Вернувшись с чуть горящей лучиной, Риата быстро затушила её, и раздеваясь, поведала госпоже последние сплетни. Оказывается, Лукста Мар, жена Анния, предупреждала, что муж её неисправимый бабник, поэтому обязательно будет приставать к госпоже Юлисе. Женщина через рабыню передала путешественнице, чтобы та не верила ни одному его слову.
— Я сказала, что девушка такого знатного рода даже не заметит ухаживаний какого-то бродячего актёра! — гордо выпалила невольница, забираясь под овчинное одеяло. — А если он забудет, кто перед ним, вы сможете за себя постоять.
— Не стоило так говорить, — проворчала Ника, пытаясь устроиться поудобнее на жёсткой лавке. — Артисты гордятся своим занятием, а ты их унизила.

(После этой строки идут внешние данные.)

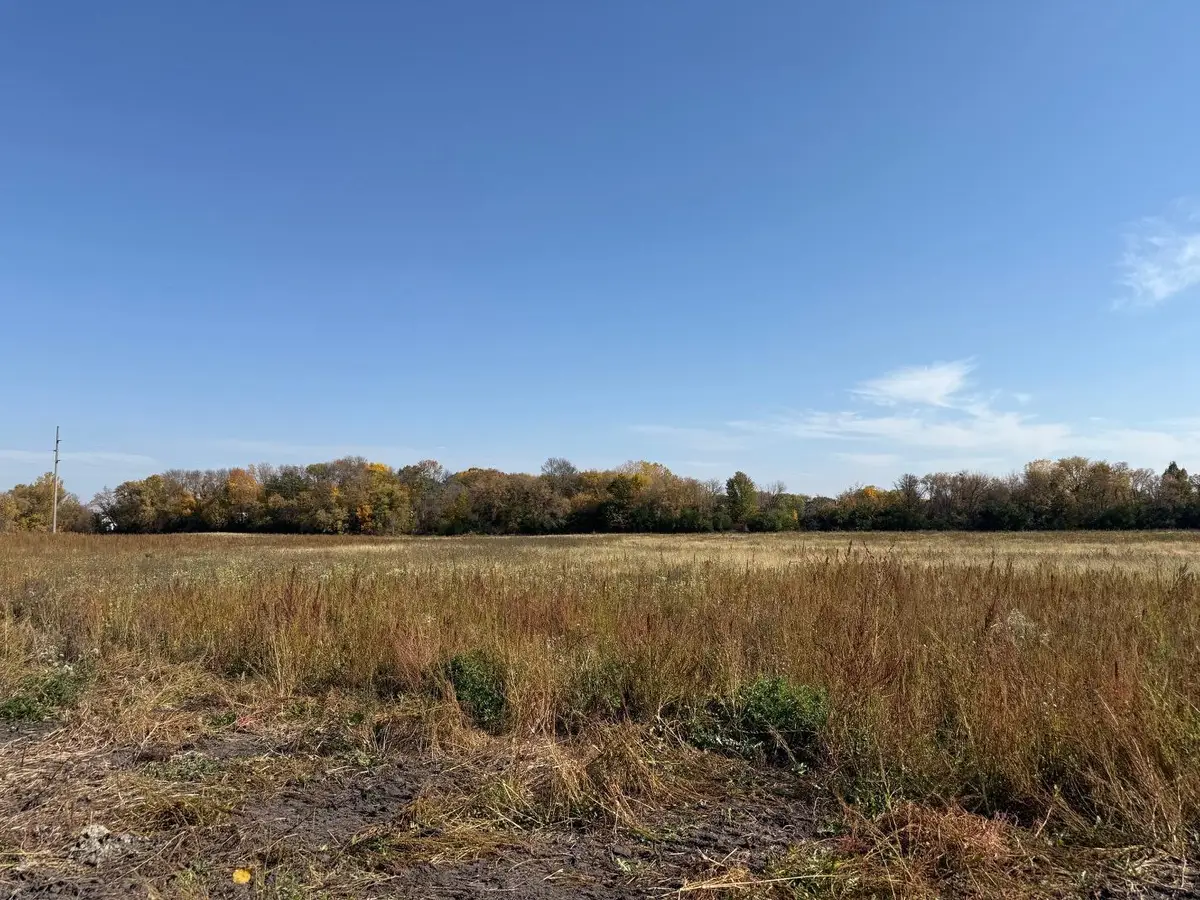 24x2 Holy Name Drive, Medina, MN 55340 - #1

— Простите мою смелость, добрая госпожа, — с неожиданным апломбом заявила Риата. — Только ни один артист не стоит и мизинца аристократа. Даже здесь в городах Западного побережья, где все так кичатся их народными собраниями, к древним родам Империи относятся с большим почтением. Поверьте, уж я-то знаю, что говорю.
— Возможно, тебе виднее, — не стала спорить путешественница, в который раз с тоской вспоминая светлую просторную комнату в доме Картена и мягкую постель с тюфяком, набитым сушёными морскими водорослями.
Отвыкшая от спартанских удобств, девушка долго ворочалась, раздражённо бормоча про себя: «Разбаловал тебя консул. Привыкла жить по-человечески. Забыла, как на земле спала да вонь от шкур нюхала. Теперь придётся привыкать по новой».
Под аккомпанемент подобных мрачных мыслей она и заснула, чтобы на следующий день продолжить привыкать к новому жилищу.
В отличие от комнаты в доме Картена, в этой клетушке днём оставаться совсем не хотелось. Темно и душно. Только к вечеру, когда солнце уходило на другую сторону здания, в каморке становилось более-менее комфортно.
Поэтому Нике приходилось то с глубокомысленным видом наблюдать, как два театральных раба под мудрым руководством Меркфатиса, вроде бы не торопясь, но довольно споро сначала разобрали, а потом вновь собрали платформу тележки, то гулять по окрестным холмам в сопровождении верной Риаты.
Как и предупреждала Лукста Мар, её супруг при каждом удобном случае пытался обратить на себя внимание. Путешественница всякий раз отвечала ему с подчёркнутой холодностью, которая не только не останавливала привыкшего к победам сердцееда, но, кажется, только добавила ему азарта.
Поэтому девушка не рискнула отправиться к морю только с одной рабыней, а после долгих уговоров буквально вынудила нетрадиционную парочку составить ей компанию.